By ERNEST R. GROVES '03. Boston and New York, Houghton Mifflin Company, 1926, viii, 217 pp.
It is no mean achievement for an author of a work dealing with a highly controversial subject to write with such fairness, candor and insight that all partisans will be satisfied. This Professor Groves has done. The members of the homestead family, unaffected by the stress of modern life, as well as young "companionators," whose restricted kind of family life denotes unmistakably the influence of fundamental changes going on in our modern life, need to read "The Drifting Home."
The book treats the outstanding problems of the modern home which result from the demands put on it by modern civilization, without undue pessimism as to the future. The predicament of the present family is at bottom the result of science, rather a badly balanced science, and it is science in the larger sense applied to education for parenthood that will conserve home life and build the better homes of the future, if it is to be done at all. The new woman and the new man are already turning to science for marriage guidance and parents need the aid of science in the training of children so that distorted personalities, emotional immaturities, father or mother fixations, and the like can be averted. All parents should read in chapter VIII the parents' code of conduct which demands that the parents' influence must square with the child's needs.
The home is changing. This is the most significant fact regarding the home. Both parts of the home, marriage and parenthood, are feeling the sweep of modern life which forces a modification of former habits and motives. The author thinks that it is futile to look ahead unless we can detect the direction of the present swift current of change, which is the main purpose of his book. He notes the passing of man's dominance.

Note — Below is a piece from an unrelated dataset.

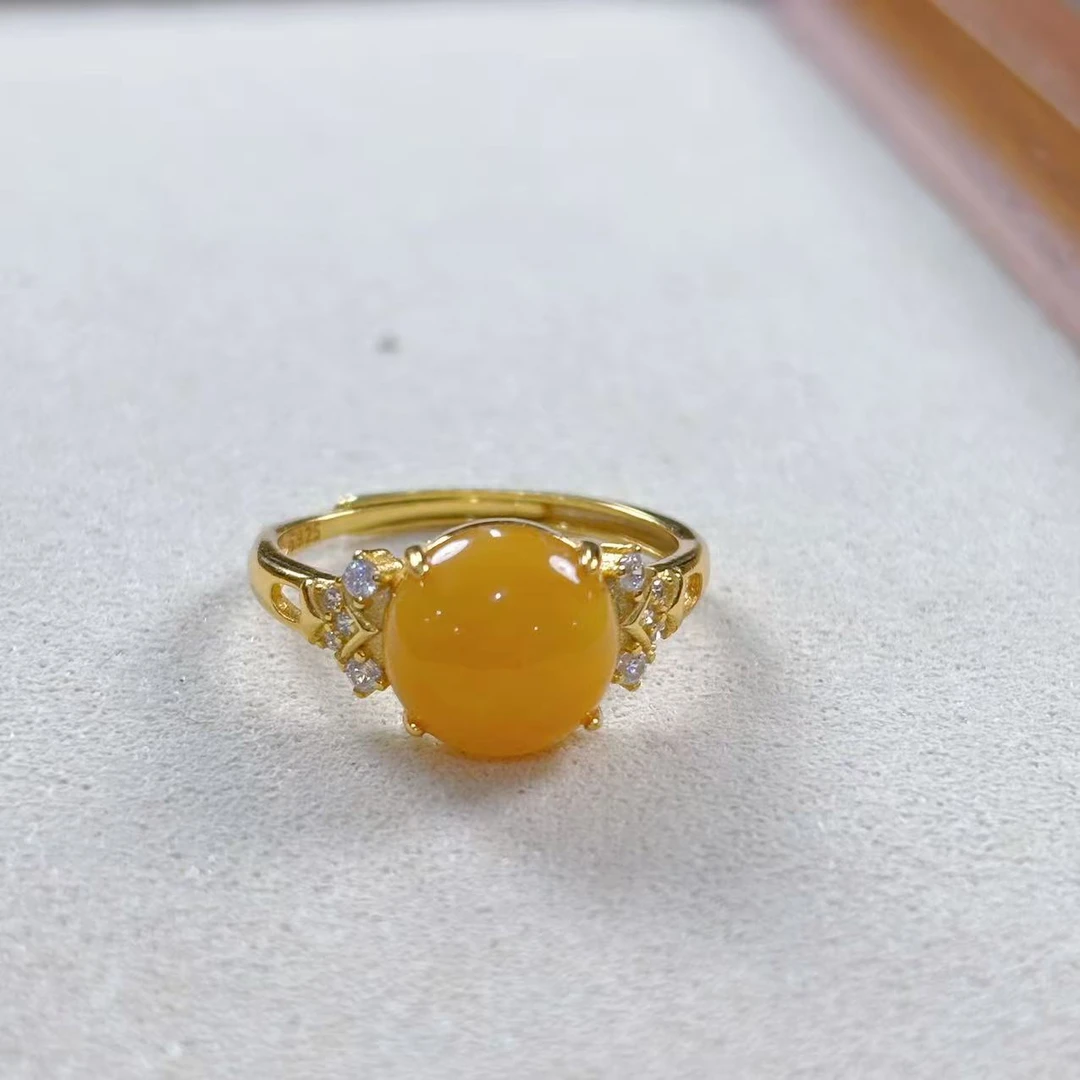 天然蜜蜡s925银戒指微锆315ZJ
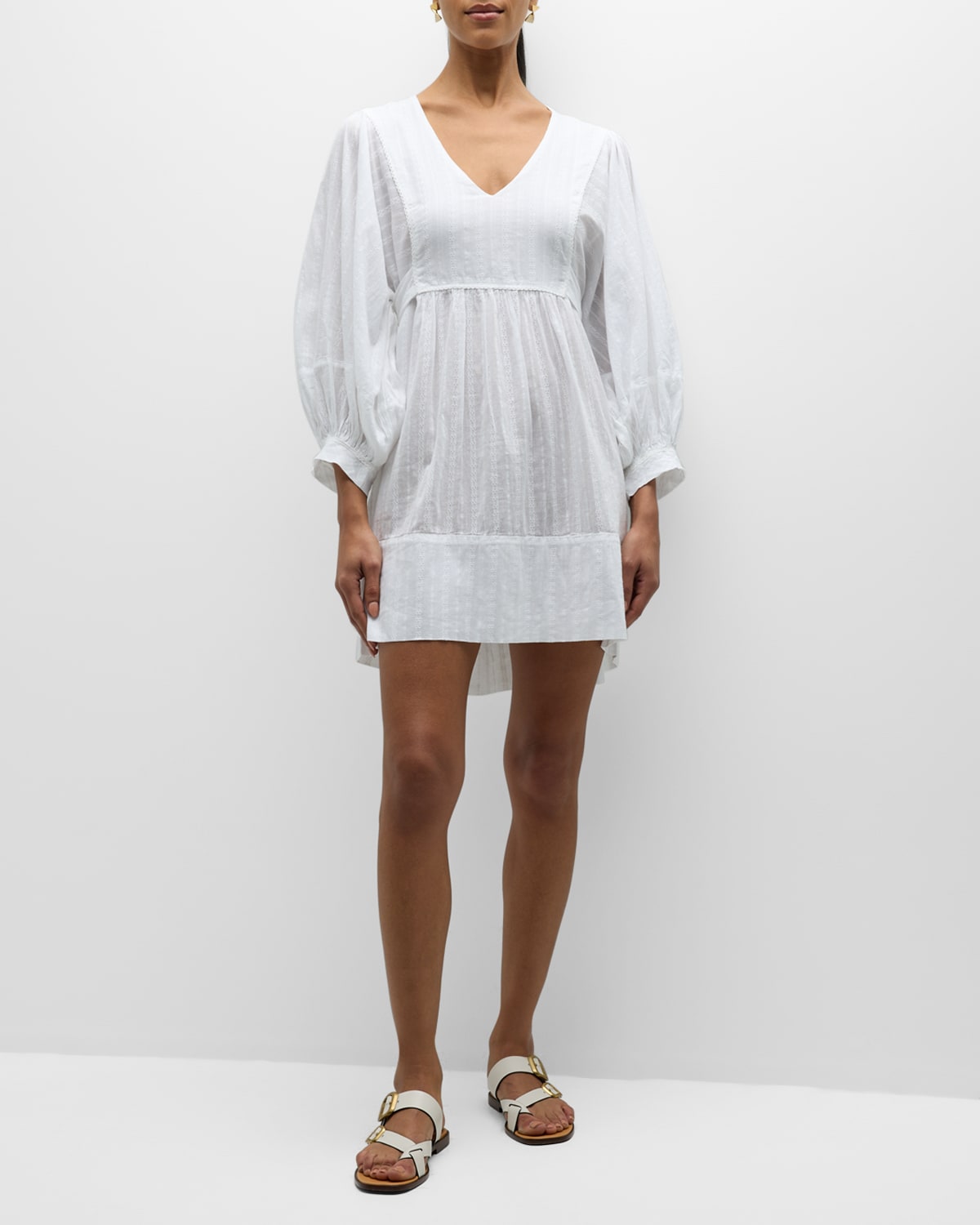 Melissa Odabash Camilla Printed Off-shoulder Coverup Dress In White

On this point he says : "Whether man is to be hampered by the new woman, as woman has been by the man of the past, or whether there can be for most men and women not only a satisfactory division of labor, but also of self-expression, time, which lifts the curtain upon the social stage, alone can reveal." He suggests that experience may prove that the woman that has accepted man's dominance has been the fundamentally woman-like type and that the future home, after a period of violent social collision, will settle down to something much like what has been. Another influence changing home life is found in the modern opportunities for material culture. All in all, this materialism as some would call it, has given the family its most staggering blow. It is largely responsible for a new type of marriage. whose central idea is the deliberate intent that there shall be no children. Sex thus has to assume the task of providing a basis for the home. The risks incident to this are clearly stated by the author: "Sex, as an idealized, motivating attraction, impels toward marriage and provides its beginning. When it becomes an end in itself, the marriage has an abnormal degree of hazard. ... A marriage that has for its sole program the production of immediate pleasure and the establishment of mutual convenience has no basis for normal growth. . . With only sex and comfort as motives, and no functioning of parental love, there is little to protect restless couples from divorce. . . . Nature leads the self-seekers through parenthood into a larger marriage experience than mere physical advantage can accomplish. If contraceptive birth control becomes positive in its certainty, modern marriage must face a severe testing."
There can be no question that the future of the family is not as strongly established in the minds of modern men and women as was true in the thinking of even a decade ago. It is to be expected that the family, like other institutions, such as the church and school, should come in for a critical examination. At present the gulf between the two sexes is increasing and the author prophesies for some time to come a considerable disturbance in the inner life of families. Higher standards than ever will continue to be demanded of marriage experience, with pleasure as the basis of judgment. For the present a high percentage of marriage failures must be expected. People enter marriage with too much ignorance as well as too great demands. The author says that the lesson for those who are concerned for the welfare of the home is that we must make ever greater use of science in our education to prepare people to live happily together in marriage. He believes, finally, that the companionate is with us to stay and will no doubt prove to be an aggressive rival for the historic type of orthodox family. A SOT cial situation has given rise to the companionate and has accordingly undermined the fully developed form of family. Until these social conditions fundamentally change we may expect the companionate to continue to rival the family for popular favor.